In Erbschaft-/Schenkungsteuerfällen ist im Grundsatz vorgesehen, dass übertragene Immobilien mit einem Wert angesetzt werden, der dem Marktwert nahekommt. Dies ist bislang vielfach aber nicht gewährleistet, da aktuelle Bewertungsparameter, die die örtlichen Gutachterausschüsse ermitteln sollen, oftmals nicht in der gesetzlich geforderten Form vorliegen. Dies betrifft insbesondere den Liegenschaftszins, der maßgeblich die Bewertung von vermieteten Mehrfamilienhäusern bestimmt.

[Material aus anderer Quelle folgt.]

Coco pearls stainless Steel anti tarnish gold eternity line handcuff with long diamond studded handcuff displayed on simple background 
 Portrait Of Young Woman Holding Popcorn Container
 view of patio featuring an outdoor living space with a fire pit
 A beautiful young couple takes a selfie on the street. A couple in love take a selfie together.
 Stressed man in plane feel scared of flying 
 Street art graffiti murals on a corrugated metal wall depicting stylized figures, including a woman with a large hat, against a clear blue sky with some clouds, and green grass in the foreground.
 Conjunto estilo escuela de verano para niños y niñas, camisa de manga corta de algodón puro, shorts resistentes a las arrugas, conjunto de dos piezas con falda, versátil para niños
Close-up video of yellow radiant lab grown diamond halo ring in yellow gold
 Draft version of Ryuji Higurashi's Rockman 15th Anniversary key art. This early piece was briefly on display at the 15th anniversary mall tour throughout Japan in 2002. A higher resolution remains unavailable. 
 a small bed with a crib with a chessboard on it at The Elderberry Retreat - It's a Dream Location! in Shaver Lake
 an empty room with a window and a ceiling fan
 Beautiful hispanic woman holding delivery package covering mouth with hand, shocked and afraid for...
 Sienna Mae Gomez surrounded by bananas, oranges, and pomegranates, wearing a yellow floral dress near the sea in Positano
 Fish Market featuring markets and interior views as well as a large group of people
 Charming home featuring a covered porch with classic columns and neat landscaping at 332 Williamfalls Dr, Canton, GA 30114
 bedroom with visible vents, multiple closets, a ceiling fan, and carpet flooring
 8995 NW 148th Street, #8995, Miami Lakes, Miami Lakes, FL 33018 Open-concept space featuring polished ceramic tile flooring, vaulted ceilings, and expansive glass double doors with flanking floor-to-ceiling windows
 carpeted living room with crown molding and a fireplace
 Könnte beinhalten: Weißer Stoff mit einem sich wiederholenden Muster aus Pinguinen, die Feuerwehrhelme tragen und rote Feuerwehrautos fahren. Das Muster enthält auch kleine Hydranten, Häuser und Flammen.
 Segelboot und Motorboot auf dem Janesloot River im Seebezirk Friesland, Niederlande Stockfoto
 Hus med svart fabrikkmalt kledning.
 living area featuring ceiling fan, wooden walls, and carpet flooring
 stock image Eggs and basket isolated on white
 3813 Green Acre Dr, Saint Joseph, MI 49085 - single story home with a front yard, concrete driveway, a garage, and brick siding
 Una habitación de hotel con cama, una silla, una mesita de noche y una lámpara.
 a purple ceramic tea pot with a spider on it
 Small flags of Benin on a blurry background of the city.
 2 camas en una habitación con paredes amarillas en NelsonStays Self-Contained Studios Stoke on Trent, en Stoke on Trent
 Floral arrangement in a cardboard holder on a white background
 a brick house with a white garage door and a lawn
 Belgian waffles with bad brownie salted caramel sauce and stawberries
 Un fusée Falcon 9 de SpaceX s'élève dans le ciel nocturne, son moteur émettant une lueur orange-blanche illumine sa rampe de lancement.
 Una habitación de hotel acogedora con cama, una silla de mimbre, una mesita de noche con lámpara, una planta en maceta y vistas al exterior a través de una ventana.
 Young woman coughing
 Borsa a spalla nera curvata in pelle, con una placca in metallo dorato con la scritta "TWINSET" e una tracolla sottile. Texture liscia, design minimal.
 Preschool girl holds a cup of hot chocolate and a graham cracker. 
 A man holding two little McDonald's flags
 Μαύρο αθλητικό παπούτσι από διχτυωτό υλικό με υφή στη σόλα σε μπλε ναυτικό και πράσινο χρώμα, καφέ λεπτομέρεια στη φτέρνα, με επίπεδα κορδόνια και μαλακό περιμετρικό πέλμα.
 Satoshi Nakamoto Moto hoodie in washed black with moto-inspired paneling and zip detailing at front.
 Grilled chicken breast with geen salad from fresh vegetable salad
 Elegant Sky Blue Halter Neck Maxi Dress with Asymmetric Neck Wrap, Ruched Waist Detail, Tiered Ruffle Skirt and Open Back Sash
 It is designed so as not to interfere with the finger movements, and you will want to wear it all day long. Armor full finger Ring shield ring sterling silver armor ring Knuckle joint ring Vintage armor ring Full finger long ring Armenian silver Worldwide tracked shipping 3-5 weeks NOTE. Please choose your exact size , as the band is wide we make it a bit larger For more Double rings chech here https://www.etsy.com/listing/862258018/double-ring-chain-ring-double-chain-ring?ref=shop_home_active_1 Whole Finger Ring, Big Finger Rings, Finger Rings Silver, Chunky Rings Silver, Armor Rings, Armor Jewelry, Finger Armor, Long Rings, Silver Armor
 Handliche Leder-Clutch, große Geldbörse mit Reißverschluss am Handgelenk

Mit dem Jahressteuergesetz 2022 (JStG 2022) soll die Nutzung der Marktdaten der örtlichen Gutachterausschüsse nun abgesichert werden und damit insbesondere der kritischen Rechtsprechung des BFH begegnet werden. Die Auswirkungen können im Einzelfall gravierend sein. Insbesondere ist der Gebäudewert (stark vereinfacht) wesentlich aus den erzielten Mieten und unter Berücksichtigung des Liegenschaftszinssatzes zu berechnen. Der Liegenschaftszinssatz ist dazu in einen Vervielfältiger umzurechnen. Soweit im Einzelfall kein vom örtlichen Gutachterausschuss vorliegender Liegenschaftszinssatz vorliegt, kommt ein gesetzlich vorgegebener Liegenschaftszinssatz zur Anwendung. Die aktuellen Liegenschaftszinssätze für Mietwohngrundstücke stellen sich wie folgt dar:
Liegenschaftszins | Vervielfältiger bei einer Restnutzungsdauer des Gebäudes von z.B. 40 Jahren | |
gesetzlich vorgesehener Ersatzwert | 5 % | 17,16 |
gesetzlich vorgesehener Ersatzwert ab 1.1.2023 nach dem Entwurf des JStG 2022 | 3,5 % | 21,36 |
nach dem örtlichen Gutachterausschuss (Beispiel) | 1,3 % | 31,03 |
Für Ein- und Zweifamilienhäuser gelten regelmäßig niedrigere Liegenschaftszinssätze bzw. höhere Vervielfältiger. Hinzu kommt noch eine weitere wertsteigernde Änderung, welche in der vorstehenden Tabelle noch nicht berücksichtigt ist: Bei der Umrechnung der Liegenschaftssätze in Vervielfältiger wird die Gesamtnutzungsdauer für die Gebäudearten „Ein- und Zweifamilienhäuser“, „Mietwohngrundstücke“, „Wohnungseigentum“ sowie „Gemischt genutzte Grundstücke (Wohnhäuser mit Mischnutzung)“ entsprechend der ImmoWertV von 70 Jahren auf 80 Jahren erhöht.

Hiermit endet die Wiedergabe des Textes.